Неужели это не нашло себе стихотворного отражения? Таких стихов было может быть немного, но все же они были. Кроме враждебного и пренебрежительного отзыва об «Евгении Онегине» Бестужева-Рюмина (отзыв этот включен Каллашем в его сборник) можно указать еще несколько отзывов, оставшихся Каллашу неизвестными. В журнале «Галатея» (1829, VII) помещена была пародия «Иван Алексеевич или новый Онегин», где в конце читаем следующие строки:

...все тут есть: и о преданьях,

И о заветной старине,

И о других и обо мне!

Не назовите винегретом,

Читайте далее, — а я

Предупреждаю вас, друзья,

Что модным следую поэтам.

Один из главных застрельщиков против «VII главы Онегина» — Фаддей Булгарин — в своей рецензии разразился стихами.

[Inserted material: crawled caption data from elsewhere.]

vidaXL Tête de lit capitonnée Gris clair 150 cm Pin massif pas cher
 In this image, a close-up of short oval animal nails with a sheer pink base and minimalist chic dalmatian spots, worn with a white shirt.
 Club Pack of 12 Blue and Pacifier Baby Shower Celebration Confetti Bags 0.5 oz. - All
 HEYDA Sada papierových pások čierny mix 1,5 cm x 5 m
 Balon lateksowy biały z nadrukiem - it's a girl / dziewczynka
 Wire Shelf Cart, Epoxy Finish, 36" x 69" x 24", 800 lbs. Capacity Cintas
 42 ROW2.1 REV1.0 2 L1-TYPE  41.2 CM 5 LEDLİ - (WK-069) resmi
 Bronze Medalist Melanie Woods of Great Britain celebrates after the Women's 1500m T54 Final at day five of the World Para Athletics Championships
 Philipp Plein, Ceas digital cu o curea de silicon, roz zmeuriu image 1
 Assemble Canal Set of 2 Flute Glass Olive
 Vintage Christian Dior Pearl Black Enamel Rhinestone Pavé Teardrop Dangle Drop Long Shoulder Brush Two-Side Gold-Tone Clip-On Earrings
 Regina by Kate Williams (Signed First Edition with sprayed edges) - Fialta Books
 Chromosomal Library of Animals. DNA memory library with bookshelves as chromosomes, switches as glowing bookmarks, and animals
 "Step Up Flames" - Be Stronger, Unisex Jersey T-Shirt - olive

«...Какое же содержание этой VII главы? — говорит он. — Стихи Онегина увлекают нас и заставляют отвечать стихами на этот вопрос:

Ну как рассеять горе Тани?

Ну как: посадят деву в сани

И повезут из милых мест

«В Москву, на ярмонку невест».

Мать плачется, скучает дочка...

Конец седьмой главе — и точка».

(«Северная Пчела» 1830, № 35.)

Но гораздо красноречивее другой факт, доказывающий, что это всеобщее «охлаждение» отразилось и на поэтах. Любопытно с этой точки зрения произвести статистический подсчет по годам помещенным у Каллаша стихотворениям. Наибольшее число приходится на 1826 до 1830 гг., приблизительно по 16—17 стихотворений на год; в 30-е же годы число это катастрофически падает: 4, 2, 1 стихотворение в год. Подсчет этот конечно неточный, датировка некоторых стихотворений приблизительна, но общая картина именно такова. Красноречива и такая деталь: в то время как «Руслан и Людмила», «Бахчисарайский фонтан», «Кавказский пленник», «Евгений Онегин» и ряд других произведений Пушкина обычно сейчас же находят себе стихотворные отклики, злополучная «Полтава» встретила холодный прием не только в журнальных рецензиях. В сборниках Каллаша кроме четверостишия Шаликова («Русские поэты», стр. 38) мы не нашли больше упоминаний об этой поэме, сделанных при жизни Пушкина. Только трагическая смерть поэта сразу вернула к нему утраченные симпатии, и притом в десятикратном размере. Тогда многие поэты (Стромилов, Креницын, Ф. Глинка, Ахлопков, Лихачев) сочувственно отозвались и о «Полтаве».